[DATA EXCERPTS]

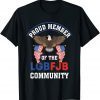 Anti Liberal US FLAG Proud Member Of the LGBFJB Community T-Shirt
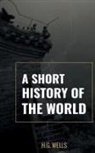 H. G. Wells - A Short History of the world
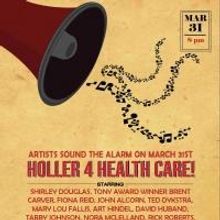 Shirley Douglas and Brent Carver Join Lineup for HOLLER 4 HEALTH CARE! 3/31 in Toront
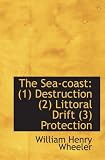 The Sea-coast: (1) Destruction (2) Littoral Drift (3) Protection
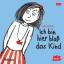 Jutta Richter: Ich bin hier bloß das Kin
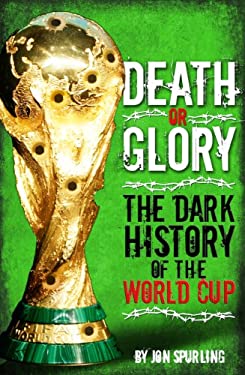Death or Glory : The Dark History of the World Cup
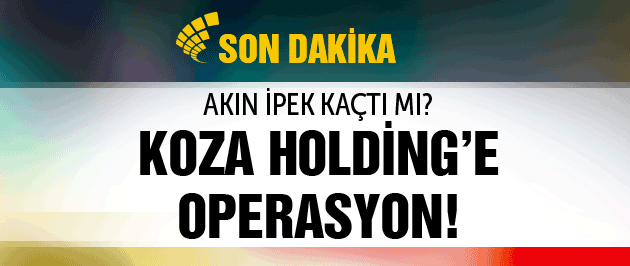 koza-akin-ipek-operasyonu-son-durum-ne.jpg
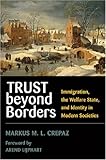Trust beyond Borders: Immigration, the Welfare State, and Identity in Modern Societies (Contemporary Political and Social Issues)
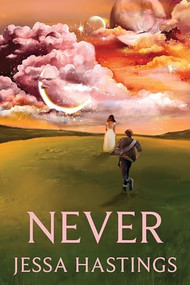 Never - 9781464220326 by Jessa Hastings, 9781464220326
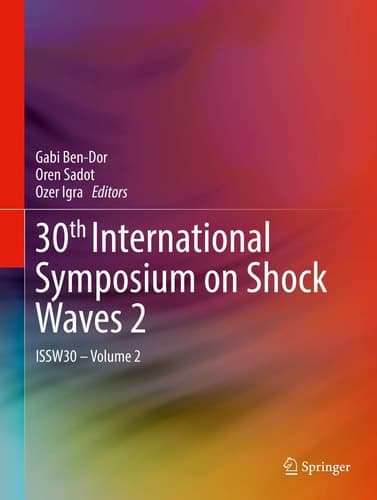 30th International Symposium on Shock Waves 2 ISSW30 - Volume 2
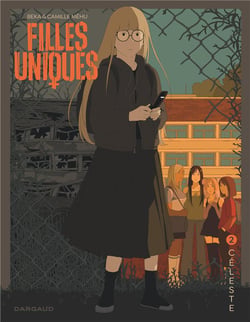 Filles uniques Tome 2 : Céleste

[TASK ITEM]
Please restate all of the listing above word for word, with no pictures.

[RESPONSE TO THIS EXERCISE]
 Anti Liberal US FLAG Proud Member Of the LGBFJB Community T-Shirt
 H. G. Wells - A Short History of the world
 Shirley Douglas and Brent Carver Join Lineup for HOLLER 4 HEALTH CARE! 3/31 in Toront
 The Sea-coast: (1) Destruction (2) Littoral Drift (3) Protection
 Jutta Richter: Ich bin hier bloß das Kin
Death or Glory : The Dark History of the World Cup
 koza-akin-ipek-operasyonu-son-durum-ne.jpg
Trust beyond Borders: Immigration, the Welfare State, and Identity in Modern Societies (Contemporary Political and Social Issues)
 Never - 9781464220326 by Jessa Hastings, 9781464220326
 30th International Symposium on Shock Waves 2 ISSW30 - Volume 2
 Filles uniques Tome 2 : Céleste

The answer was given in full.